WHAT THE TASK ASKS:
Below are some records; return all of them exactly as they are.

INPUT FOR THIS TASK:
--------------------

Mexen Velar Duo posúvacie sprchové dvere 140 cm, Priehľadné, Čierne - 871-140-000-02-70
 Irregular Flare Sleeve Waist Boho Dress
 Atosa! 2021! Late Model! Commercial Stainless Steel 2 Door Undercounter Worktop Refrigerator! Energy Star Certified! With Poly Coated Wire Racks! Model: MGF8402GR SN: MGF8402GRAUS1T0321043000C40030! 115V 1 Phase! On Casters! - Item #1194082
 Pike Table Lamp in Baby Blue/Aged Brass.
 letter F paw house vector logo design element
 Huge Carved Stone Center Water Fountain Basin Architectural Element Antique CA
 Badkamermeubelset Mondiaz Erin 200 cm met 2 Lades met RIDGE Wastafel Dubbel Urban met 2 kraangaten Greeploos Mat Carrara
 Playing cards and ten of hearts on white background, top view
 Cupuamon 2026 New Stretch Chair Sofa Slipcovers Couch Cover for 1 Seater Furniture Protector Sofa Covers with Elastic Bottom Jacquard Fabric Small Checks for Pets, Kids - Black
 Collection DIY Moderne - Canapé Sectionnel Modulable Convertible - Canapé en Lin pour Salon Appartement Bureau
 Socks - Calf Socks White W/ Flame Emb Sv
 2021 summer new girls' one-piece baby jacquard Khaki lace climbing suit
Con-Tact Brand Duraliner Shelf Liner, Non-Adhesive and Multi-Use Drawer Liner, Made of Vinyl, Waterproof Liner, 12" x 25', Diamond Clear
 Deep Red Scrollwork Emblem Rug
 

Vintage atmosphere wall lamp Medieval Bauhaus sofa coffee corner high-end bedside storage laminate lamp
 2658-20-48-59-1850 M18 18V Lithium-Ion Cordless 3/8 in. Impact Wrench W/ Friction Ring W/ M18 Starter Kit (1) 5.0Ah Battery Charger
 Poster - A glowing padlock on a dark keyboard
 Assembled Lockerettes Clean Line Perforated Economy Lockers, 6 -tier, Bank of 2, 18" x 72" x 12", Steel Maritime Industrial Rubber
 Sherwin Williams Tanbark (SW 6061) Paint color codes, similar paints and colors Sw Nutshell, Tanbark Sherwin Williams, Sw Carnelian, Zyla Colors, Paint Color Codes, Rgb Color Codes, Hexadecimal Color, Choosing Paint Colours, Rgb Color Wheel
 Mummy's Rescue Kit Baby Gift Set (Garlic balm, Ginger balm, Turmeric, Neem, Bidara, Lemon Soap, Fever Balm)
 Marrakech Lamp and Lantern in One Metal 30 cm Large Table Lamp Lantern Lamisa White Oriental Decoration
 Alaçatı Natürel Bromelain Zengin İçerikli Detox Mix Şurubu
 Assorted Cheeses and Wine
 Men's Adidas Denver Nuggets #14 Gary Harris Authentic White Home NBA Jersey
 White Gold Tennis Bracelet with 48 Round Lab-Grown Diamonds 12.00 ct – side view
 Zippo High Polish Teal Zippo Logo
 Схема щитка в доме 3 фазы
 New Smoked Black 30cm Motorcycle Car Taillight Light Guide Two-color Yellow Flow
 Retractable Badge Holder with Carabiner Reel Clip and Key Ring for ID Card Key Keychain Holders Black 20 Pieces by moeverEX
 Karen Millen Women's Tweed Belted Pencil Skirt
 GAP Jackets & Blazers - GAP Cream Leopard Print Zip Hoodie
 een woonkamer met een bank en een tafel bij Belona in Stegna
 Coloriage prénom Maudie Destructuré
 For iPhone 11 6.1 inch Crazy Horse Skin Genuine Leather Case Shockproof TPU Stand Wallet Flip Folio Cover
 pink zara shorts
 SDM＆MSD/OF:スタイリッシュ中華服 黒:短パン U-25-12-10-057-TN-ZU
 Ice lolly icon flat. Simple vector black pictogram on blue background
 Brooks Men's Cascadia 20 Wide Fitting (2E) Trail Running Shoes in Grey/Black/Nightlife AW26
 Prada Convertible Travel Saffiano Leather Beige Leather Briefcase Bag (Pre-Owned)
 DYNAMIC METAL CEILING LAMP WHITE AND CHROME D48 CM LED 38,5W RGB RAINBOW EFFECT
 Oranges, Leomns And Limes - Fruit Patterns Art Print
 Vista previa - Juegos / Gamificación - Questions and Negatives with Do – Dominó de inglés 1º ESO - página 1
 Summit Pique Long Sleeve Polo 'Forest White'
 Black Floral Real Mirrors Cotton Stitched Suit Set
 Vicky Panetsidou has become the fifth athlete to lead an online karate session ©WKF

--------------------

SOLUTION TO THIS TASK:
Mexen Velar Duo posúvacie sprchové dvere 140 cm, Priehľadné, Čierne - 871-140-000-02-70
 Irregular Flare Sleeve Waist Boho Dress
 Atosa! 2021! Late Model! Commercial Stainless Steel 2 Door Undercounter Worktop Refrigerator! Energy Star Certified! With Poly Coated Wire Racks! Model: MGF8402GR SN: MGF8402GRAUS1T0321043000C40030! 115V 1 Phase! On Casters! - Item #1194082
 Pike Table Lamp in Baby Blue/Aged Brass.
 letter F paw house vector logo design element
 Huge Carved Stone Center Water Fountain Basin Architectural Element Antique CA
 Badkamermeubelset Mondiaz Erin 200 cm met 2 Lades met RIDGE Wastafel Dubbel Urban met 2 kraangaten Greeploos Mat Carrara
 Playing cards and ten of hearts on white background, top view
 Cupuamon 2026 New Stretch Chair Sofa Slipcovers Couch Cover for 1 Seater Furniture Protector Sofa Covers with Elastic Bottom Jacquard Fabric Small Checks for Pets, Kids - Black
 Collection DIY Moderne - Canapé Sectionnel Modulable Convertible - Canapé en Lin pour Salon Appartement Bureau
 Socks - Calf Socks White W/ Flame Emb Sv
 2021 summer new girls' one-piece baby jacquard Khaki lace climbing suit
Con-Tact Brand Duraliner Shelf Liner, Non-Adhesive and Multi-Use Drawer Liner, Made of Vinyl, Waterproof Liner, 12" x 25', Diamond Clear
 Deep Red Scrollwork Emblem Rug
 

Vintage atmosphere wall lamp Medieval Bauhaus sofa coffee corner high-end bedside storage laminate lamp
 2658-20-48-59-1850 M18 18V Lithium-Ion Cordless 3/8 in. Impact Wrench W/ Friction Ring W/ M18 Starter Kit (1) 5.0Ah Battery Charger
 Poster - A glowing padlock on a dark keyboard
 Assembled Lockerettes Clean Line Perforated Economy Lockers, 6 -tier, Bank of 2, 18" x 72" x 12", Steel Maritime Industrial Rubber
 Sherwin Williams Tanbark (SW 6061) Paint color codes, similar paints and colors Sw Nutshell, Tanbark Sherwin Williams, Sw Carnelian, Zyla Colors, Paint Color Codes, Rgb Color Codes, Hexadecimal Color, Choosing Paint Colours, Rgb Color Wheel
 Mummy's Rescue Kit Baby Gift Set (Garlic balm, Ginger balm, Turmeric, Neem, Bidara, Lemon Soap, Fever Balm)
 Marrakech Lamp and Lantern in One Metal 30 cm Large Table Lamp Lantern Lamisa White Oriental Decoration
 Alaçatı Natürel Bromelain Zengin İçerikli Detox Mix Şurubu
 Assorted Cheeses and Wine
 Men's Adidas Denver Nuggets #14 Gary Harris Authentic White Home NBA Jersey
 White Gold Tennis Bracelet with 48 Round Lab-Grown Diamonds 12.00 ct – side view
 Zippo High Polish Teal Zippo Logo
 Схема щитка в доме 3 фазы
 New Smoked Black 30cm Motorcycle Car Taillight Light Guide Two-color Yellow Flow
 Retractable Badge Holder with Carabiner Reel Clip and Key Ring for ID Card Key Keychain Holders Black 20 Pieces by moeverEX
 Karen Millen Women's Tweed Belted Pencil Skirt
 GAP Jackets & Blazers - GAP Cream Leopard Print Zip Hoodie
 een woonkamer met een bank en een tafel bij Belona in Stegna
 Coloriage prénom Maudie Destructuré
 For iPhone 11 6.1 inch Crazy Horse Skin Genuine Leather Case Shockproof TPU Stand Wallet Flip Folio Cover
 pink zara shorts
 SDM＆MSD/OF:スタイリッシュ中華服 黒:短パン U-25-12-10-057-TN-ZU
 Ice lolly icon flat. Simple vector black pictogram on blue background
 Brooks Men's Cascadia 20 Wide Fitting (2E) Trail Running Shoes in Grey/Black/Nightlife AW26
 Prada Convertible Travel Saffiano Leather Beige Leather Briefcase Bag (Pre-Owned)
 DYNAMIC METAL CEILING LAMP WHITE AND CHROME D48 CM LED 38,5W RGB RAINBOW EFFECT
 Oranges, Leomns And Limes - Fruit Patterns Art Print
 Vista previa - Juegos / Gamificación - Questions and Negatives with Do – Dominó de inglés 1º ESO - página 1
 Summit Pique Long Sleeve Polo 'Forest White'
 Black Floral Real Mirrors Cotton Stitched Suit Set
 Vicky Panetsidou has become the fifth athlete to lead an online karate session ©WKF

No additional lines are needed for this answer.